On September 1st 2023 at 14.00, Geletaw Sahle will defend his PhD entitled “DEVELOPING CLINICAL DECISION SUPPORT INSTRUMENTS FOR THE POINT-OF-CARE IN LOW RESOURCE SETTINGS”.
Everybody is invited to attend the presentation at the Room E.0.05.
Clinical decision support systems (CDSSs) have been shown to assist clinical decision making in healthcare while also enabling timely and appropriate integrated care services. The clinical pathway (CP), in particular, delivers and outlines an optimal logical path and plan of care from assessment to treatment at the primary and secondary health care level. Clinical pathways are increasingly used in routine patient care to maintain care process standardization, improve patient outcomes, reduce costs, and empower local healthcare practitioners. However, these clinical decision support and/or clinical pathway systems have remained out of reach for low-resource settings (LRSs). In LRSs, following the paper-based clinical guideline is a traditional practice and the only choice utmost. The service is suboptimal and challenged to deliver accurate and adequate evidence for decision making. Furthermore, low clinical competence, limited diagnostic capabilities, high turnover and low motivation are some of the challenges that most public health facilities in developing countries are facing on a day-to-day basis.

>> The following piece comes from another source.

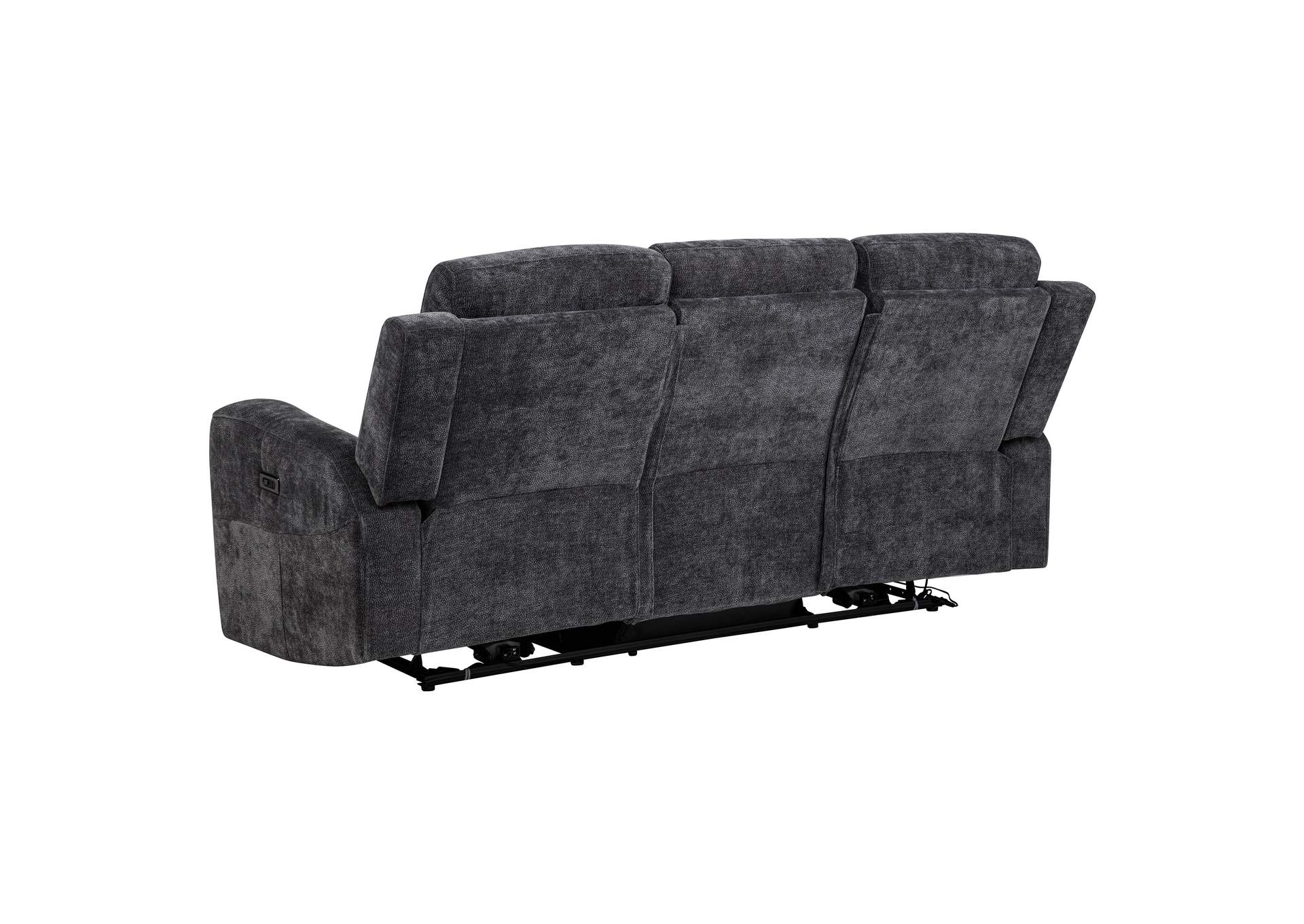 Kennett Chenille Upholstered Power Reclining Sofa Dark Grey image 5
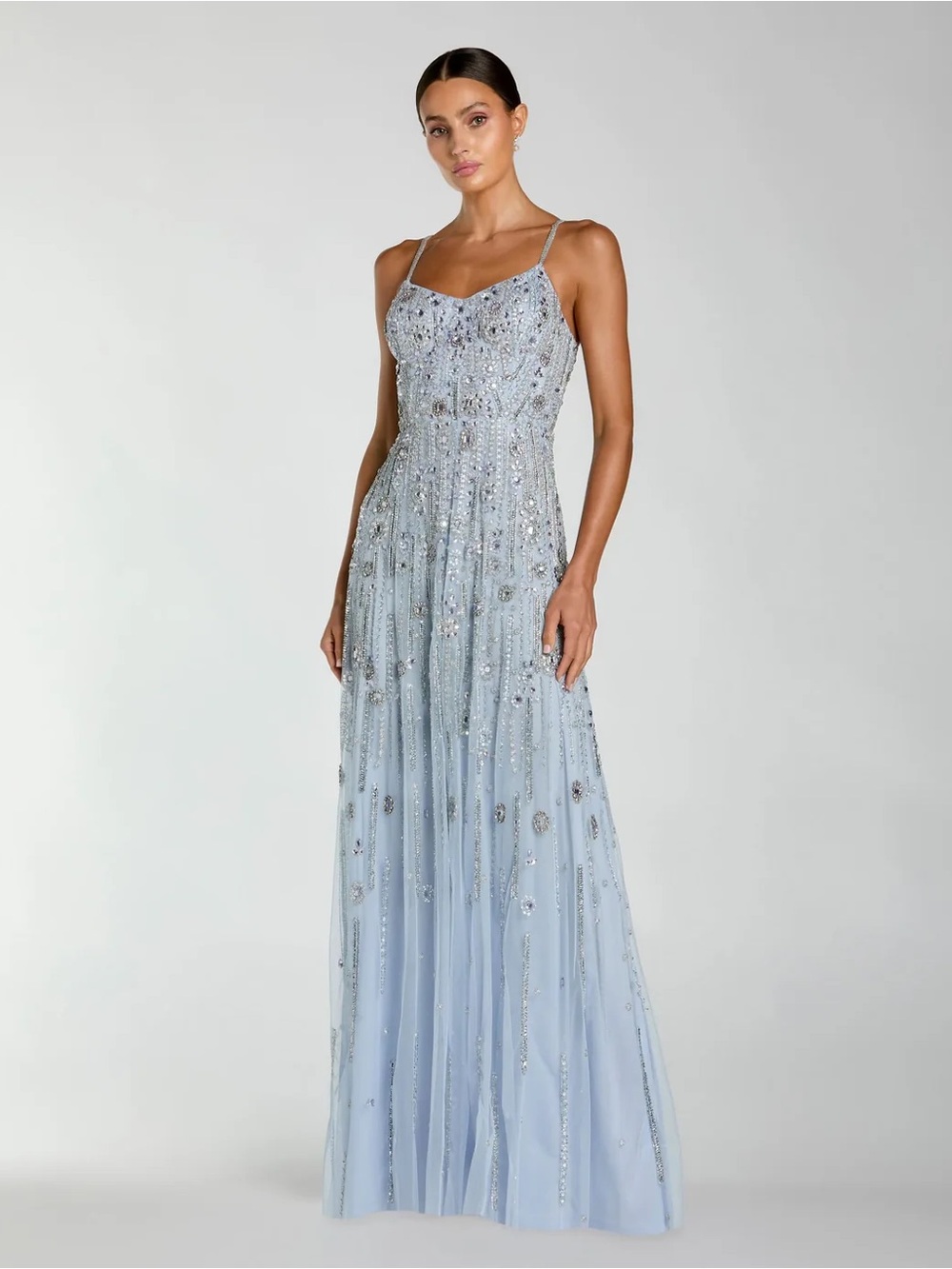 Mac Duggal 10157 Blue Rhinestone Embellished Sweetheart Neck A-Line Gown sz 4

This dissertation demonstrates and develops computer-aided point-of-care decision support instruments for identifying referral and locally treatable cases. To develop CDSSs for LRSs, the overall need for the development of clinical decision support systems was initially assessed. Then, a state-of-the-art review was conducted to investigate design approaches for executable CPs at the point-of-care, and the results show that exploring a trade-off mechanism between knowledge-based and data-driven techniques is critical for promoting data-driven decision-making approaches. Next, an algorithm for the automated and dynamic generation of CPs was developed. The key principle of our proposed algorithm is that it operates with minimal clinical input and may be updated as new information becomes available, and it dynamically maps and validates the initial knowledge-based CP based on the local context and historical evidence in order to provide a multi-criteria decision analysis. The proposed solution was then deployed on an edge device, the Raspberry Pi 4 Model B, to provide a point-of-care clinical reference, data processing, and workflow generator, as well as an interactive data visualization and clinical guidance wizard for LRS. Finally, user acceptance of the CDSS at the point-of-care in LRSs was evaluated using 22 parameters organized into six major categories, namely ease of use, system quality, information quality, decision changes, process changes, and user acceptance. A follow-up interview, on the other hand, indicated a variety of reasons for disagreement based on the neutral, disagree, and strongly disagree responses. Furthermore, the overall acceptability was simulated using partial least squares structural equation modeling, and a variety of factors impacting the acceptance of the CDSS in LRSs were examined. In all, the key features of the CDSSs are able to provide low-cost, automated, adaptable, interactive, and applicable CPs for LRSs. A wider scale evaluation and longitudinal measurements, including CDSS usage frequency, speed of operation and impact on intervention time have not been included in the thesis work, because they require a larger deployment in daily practice.